(Beginning of RECORDED INFORMATION)

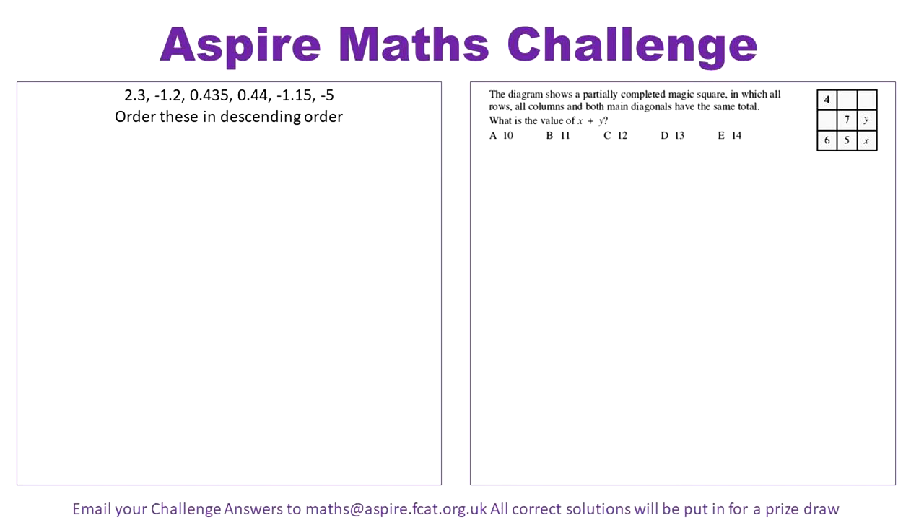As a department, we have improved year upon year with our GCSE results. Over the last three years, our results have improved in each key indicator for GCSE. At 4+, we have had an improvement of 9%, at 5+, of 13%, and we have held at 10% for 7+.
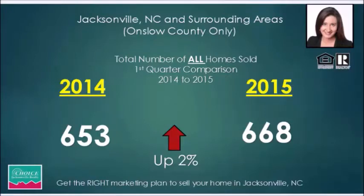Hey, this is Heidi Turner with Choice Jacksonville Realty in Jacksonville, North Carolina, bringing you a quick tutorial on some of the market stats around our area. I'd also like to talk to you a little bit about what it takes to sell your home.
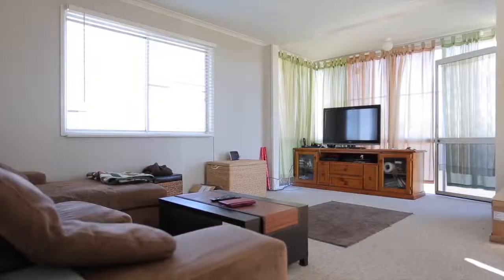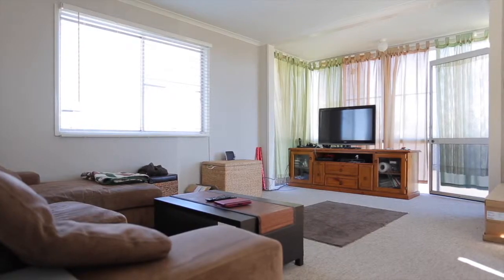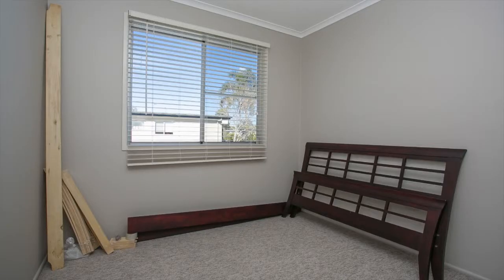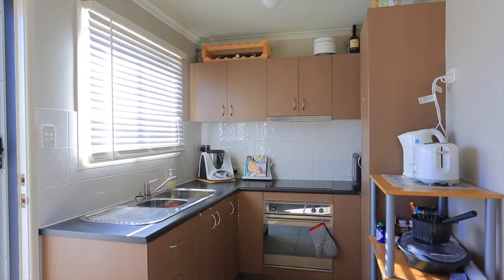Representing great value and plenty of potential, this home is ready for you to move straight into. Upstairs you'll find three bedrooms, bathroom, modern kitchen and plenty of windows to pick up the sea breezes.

(End of RECORDED INFORMATION)

__THE PROBLEM__
Retype word for word all the material given above, and keep the pictures out.

__ANSWER SECTION__
As a department, we have improved year upon year with our GCSE results. Over the last three years, our results have improved in each key indicator for GCSE. At 4+, we have had an improvement of 9%, at 5+, of 13%, and we have held at 10% for 7+.
Hey, this is Heidi Turner with Choice Jacksonville Realty in Jacksonville, North Carolina, bringing you a quick tutorial on some of the market stats around our area. I'd also like to talk to you a little bit about what it takes to sell your home.
Representing great value and plenty of potential, this home is ready for you to move straight into. Upstairs you'll find three bedrooms, bathroom, modern kitchen and plenty of windows to pick up the sea breezes.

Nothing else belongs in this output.